Provided material =
--------------------
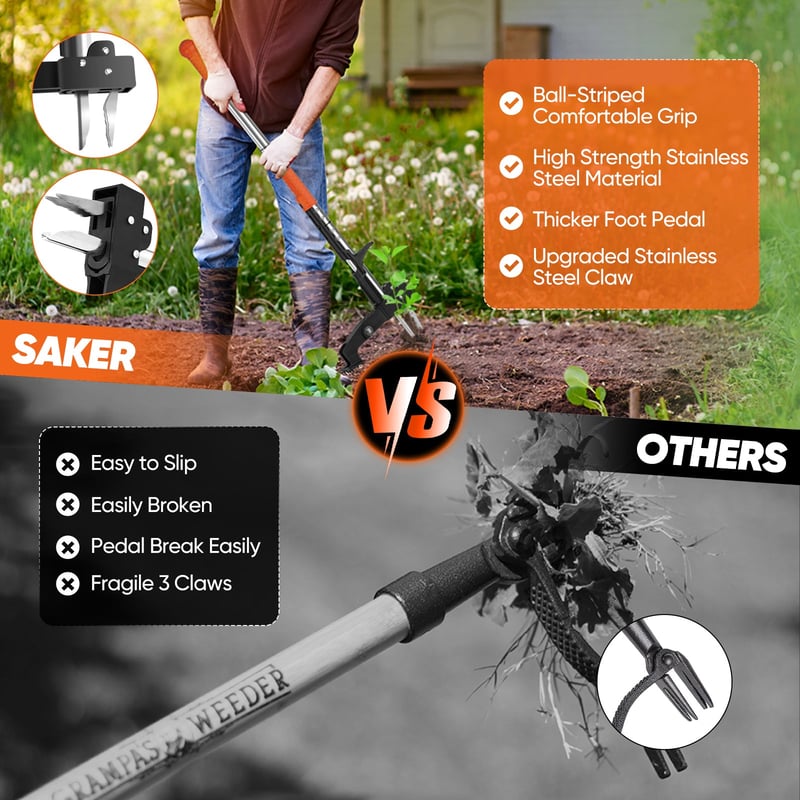 Saker Weed Puller Tool Stand Up Heavy Duty Garden Tool-upsell
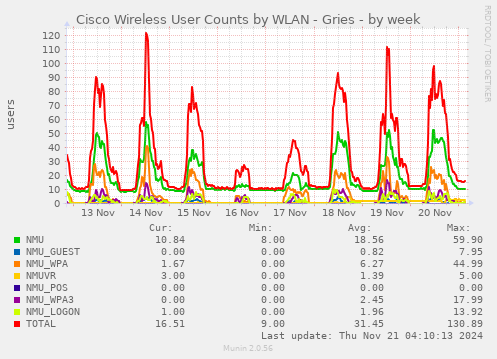 Cisco Wireless User Counts by WLAN - Gries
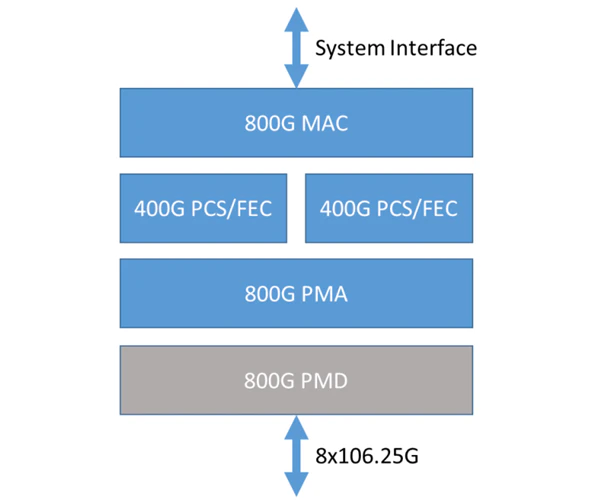 800G Ethernet 800G Ethernet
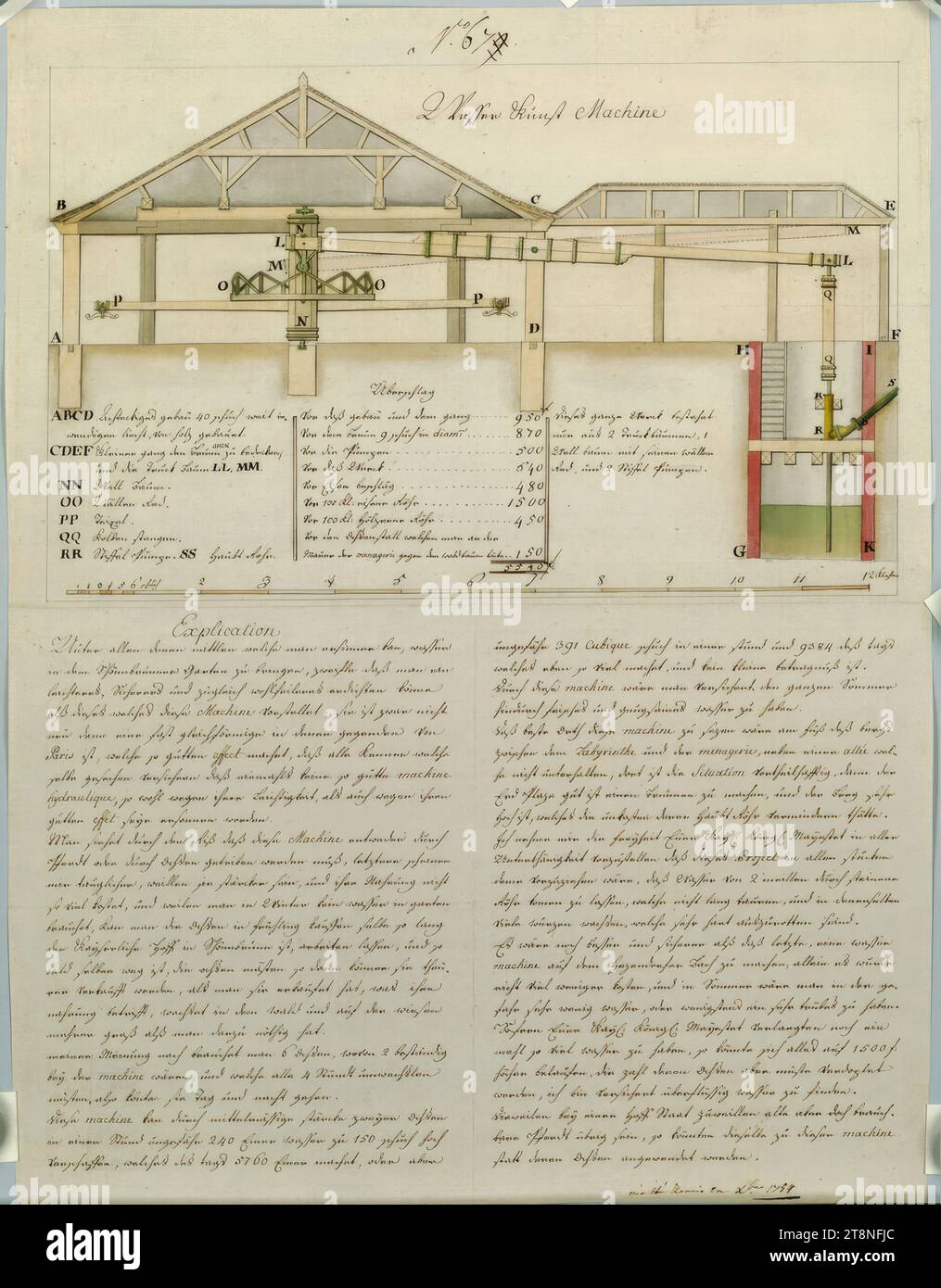 Vienna, Schönbrunn Palace, 'Water Art Machine', plan with cost accounting, indefinite, 1754, archival, paper, fine; pen drawing; Graphite design, grey, black and brown pen, multicolored wash, 47.7 x 36.3 cm Stock Photo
--------------------
Your assignment = Provide a precise transcription of the listing, excluding each picture.

Your solution =
 Saker Weed Puller Tool Stand Up Heavy Duty Garden Tool-upsell
 Cisco Wireless User Counts by WLAN - Gries
 800G Ethernet 800G Ethernet
 Vienna, Schönbrunn Palace, 'Water Art Machine', plan with cost accounting, indefinite, 1754, archival, paper, fine; pen drawing; Graphite design, grey, black and brown pen, multicolored wash, 47.7 x 36.3 cm Stock Photo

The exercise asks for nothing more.